Your assignment: Scan the records for the word "Hotel". Report each line where it occurs.

Dataset records:

_ _ _ _

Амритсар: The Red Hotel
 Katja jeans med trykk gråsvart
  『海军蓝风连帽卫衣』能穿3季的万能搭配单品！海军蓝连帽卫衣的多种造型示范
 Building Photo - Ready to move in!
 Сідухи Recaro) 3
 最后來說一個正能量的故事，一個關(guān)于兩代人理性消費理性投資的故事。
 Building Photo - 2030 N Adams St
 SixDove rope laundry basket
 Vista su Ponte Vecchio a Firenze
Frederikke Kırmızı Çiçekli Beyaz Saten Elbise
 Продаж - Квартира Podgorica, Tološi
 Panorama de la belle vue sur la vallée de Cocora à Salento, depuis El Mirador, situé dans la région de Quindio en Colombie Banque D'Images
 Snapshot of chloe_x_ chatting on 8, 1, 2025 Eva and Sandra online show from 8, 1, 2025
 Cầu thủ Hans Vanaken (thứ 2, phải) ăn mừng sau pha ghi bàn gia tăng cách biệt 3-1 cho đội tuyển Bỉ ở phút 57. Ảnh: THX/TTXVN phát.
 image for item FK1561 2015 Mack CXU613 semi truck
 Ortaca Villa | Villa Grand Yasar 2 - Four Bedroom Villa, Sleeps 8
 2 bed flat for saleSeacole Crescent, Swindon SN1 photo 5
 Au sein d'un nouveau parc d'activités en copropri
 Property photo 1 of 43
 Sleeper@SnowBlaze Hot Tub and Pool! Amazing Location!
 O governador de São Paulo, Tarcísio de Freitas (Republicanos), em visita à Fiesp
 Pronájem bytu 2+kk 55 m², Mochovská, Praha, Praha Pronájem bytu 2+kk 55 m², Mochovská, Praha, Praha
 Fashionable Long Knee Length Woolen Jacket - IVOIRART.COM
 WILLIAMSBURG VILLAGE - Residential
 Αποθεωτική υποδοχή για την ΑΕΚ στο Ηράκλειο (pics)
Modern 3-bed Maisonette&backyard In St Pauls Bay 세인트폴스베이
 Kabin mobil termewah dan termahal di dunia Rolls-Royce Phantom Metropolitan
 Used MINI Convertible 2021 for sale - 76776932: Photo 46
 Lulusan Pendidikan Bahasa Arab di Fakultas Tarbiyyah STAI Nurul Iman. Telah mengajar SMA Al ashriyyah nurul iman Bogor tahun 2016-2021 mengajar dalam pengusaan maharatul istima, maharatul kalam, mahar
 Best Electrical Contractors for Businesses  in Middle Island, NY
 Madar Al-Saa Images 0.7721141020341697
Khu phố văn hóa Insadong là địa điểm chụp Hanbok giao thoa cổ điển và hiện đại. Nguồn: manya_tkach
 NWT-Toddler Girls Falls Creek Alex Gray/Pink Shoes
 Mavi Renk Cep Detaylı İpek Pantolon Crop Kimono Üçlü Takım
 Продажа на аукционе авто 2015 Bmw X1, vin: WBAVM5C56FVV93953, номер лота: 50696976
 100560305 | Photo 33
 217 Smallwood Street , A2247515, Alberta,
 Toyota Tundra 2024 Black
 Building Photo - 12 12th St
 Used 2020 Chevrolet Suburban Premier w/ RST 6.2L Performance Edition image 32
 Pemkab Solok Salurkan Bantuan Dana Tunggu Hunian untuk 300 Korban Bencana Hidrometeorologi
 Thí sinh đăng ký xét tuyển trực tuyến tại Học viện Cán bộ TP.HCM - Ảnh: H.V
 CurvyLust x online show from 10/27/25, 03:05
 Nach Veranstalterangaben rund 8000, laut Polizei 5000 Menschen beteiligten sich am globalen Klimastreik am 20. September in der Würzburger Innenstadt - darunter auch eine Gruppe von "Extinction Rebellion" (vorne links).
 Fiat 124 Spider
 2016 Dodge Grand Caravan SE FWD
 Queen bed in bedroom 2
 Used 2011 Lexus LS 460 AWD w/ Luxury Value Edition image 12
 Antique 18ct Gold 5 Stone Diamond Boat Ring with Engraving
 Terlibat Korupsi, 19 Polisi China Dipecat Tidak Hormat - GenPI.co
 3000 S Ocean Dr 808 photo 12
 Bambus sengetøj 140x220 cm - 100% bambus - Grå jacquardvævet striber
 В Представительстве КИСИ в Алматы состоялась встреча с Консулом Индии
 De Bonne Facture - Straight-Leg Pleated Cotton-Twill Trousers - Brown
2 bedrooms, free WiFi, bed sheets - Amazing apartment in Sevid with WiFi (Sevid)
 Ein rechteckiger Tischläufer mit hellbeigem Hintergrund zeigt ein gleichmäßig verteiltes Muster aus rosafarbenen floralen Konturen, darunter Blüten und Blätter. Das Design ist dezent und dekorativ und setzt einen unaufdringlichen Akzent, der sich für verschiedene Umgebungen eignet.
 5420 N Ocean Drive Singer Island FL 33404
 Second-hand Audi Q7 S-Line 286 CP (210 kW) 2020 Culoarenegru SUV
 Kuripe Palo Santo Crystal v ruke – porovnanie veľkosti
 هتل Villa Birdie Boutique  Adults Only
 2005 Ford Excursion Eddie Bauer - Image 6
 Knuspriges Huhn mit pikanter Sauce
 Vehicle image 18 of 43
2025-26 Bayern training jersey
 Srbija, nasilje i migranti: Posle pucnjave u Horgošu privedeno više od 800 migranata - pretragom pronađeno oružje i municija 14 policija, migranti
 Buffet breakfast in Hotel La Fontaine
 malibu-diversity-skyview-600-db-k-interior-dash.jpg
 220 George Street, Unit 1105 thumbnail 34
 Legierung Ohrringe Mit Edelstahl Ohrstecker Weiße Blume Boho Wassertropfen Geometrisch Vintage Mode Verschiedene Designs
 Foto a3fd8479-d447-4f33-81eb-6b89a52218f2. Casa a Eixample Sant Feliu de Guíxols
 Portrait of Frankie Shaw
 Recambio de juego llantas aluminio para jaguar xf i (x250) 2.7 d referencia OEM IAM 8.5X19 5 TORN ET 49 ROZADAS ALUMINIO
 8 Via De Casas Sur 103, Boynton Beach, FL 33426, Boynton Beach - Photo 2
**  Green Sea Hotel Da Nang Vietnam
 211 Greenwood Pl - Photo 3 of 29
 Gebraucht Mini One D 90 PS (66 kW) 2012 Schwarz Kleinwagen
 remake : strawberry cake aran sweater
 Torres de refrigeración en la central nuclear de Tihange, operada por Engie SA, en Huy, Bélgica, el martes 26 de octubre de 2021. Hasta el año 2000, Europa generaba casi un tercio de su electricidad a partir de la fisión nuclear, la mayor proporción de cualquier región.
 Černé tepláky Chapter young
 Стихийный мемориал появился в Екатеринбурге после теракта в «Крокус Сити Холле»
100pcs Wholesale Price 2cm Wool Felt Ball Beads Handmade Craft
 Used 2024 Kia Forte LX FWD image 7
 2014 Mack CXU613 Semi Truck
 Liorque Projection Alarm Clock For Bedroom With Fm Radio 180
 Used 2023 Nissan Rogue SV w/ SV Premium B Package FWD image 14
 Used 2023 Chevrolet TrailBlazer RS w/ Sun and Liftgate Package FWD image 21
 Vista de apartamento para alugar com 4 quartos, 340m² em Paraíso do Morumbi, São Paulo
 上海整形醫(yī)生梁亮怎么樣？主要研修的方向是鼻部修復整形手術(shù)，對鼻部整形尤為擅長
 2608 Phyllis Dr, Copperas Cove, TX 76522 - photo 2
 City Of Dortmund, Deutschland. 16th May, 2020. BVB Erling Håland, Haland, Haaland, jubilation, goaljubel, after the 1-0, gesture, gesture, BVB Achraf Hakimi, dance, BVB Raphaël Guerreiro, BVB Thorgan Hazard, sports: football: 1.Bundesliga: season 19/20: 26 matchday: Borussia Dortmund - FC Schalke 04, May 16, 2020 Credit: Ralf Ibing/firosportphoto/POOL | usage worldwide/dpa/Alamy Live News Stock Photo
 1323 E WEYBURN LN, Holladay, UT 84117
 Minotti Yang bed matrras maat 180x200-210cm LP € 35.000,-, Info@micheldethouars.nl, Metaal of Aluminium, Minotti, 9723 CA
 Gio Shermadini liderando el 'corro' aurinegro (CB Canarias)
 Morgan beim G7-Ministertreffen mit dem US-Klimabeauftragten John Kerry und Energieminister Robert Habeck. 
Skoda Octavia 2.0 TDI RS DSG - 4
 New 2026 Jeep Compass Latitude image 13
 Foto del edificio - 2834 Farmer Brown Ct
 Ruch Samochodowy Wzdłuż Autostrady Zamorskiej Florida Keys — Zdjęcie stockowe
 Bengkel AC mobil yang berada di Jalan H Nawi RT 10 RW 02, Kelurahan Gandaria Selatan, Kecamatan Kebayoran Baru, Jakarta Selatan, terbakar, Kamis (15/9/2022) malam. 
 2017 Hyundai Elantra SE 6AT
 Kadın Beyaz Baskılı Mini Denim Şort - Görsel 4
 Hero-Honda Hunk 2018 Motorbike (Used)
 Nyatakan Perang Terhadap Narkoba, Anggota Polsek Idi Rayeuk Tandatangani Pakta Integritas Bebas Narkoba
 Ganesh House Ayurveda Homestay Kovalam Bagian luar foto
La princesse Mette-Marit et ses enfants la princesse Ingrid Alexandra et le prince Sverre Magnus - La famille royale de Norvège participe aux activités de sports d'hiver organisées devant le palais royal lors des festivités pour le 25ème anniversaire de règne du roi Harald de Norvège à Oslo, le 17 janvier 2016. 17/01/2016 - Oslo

_ _ _ _

Solution to this task:
Амритсар: The Red Hotel
 Buffet breakfast in Hotel La Fontaine
**  Green Sea Hotel Da Nang Vietnam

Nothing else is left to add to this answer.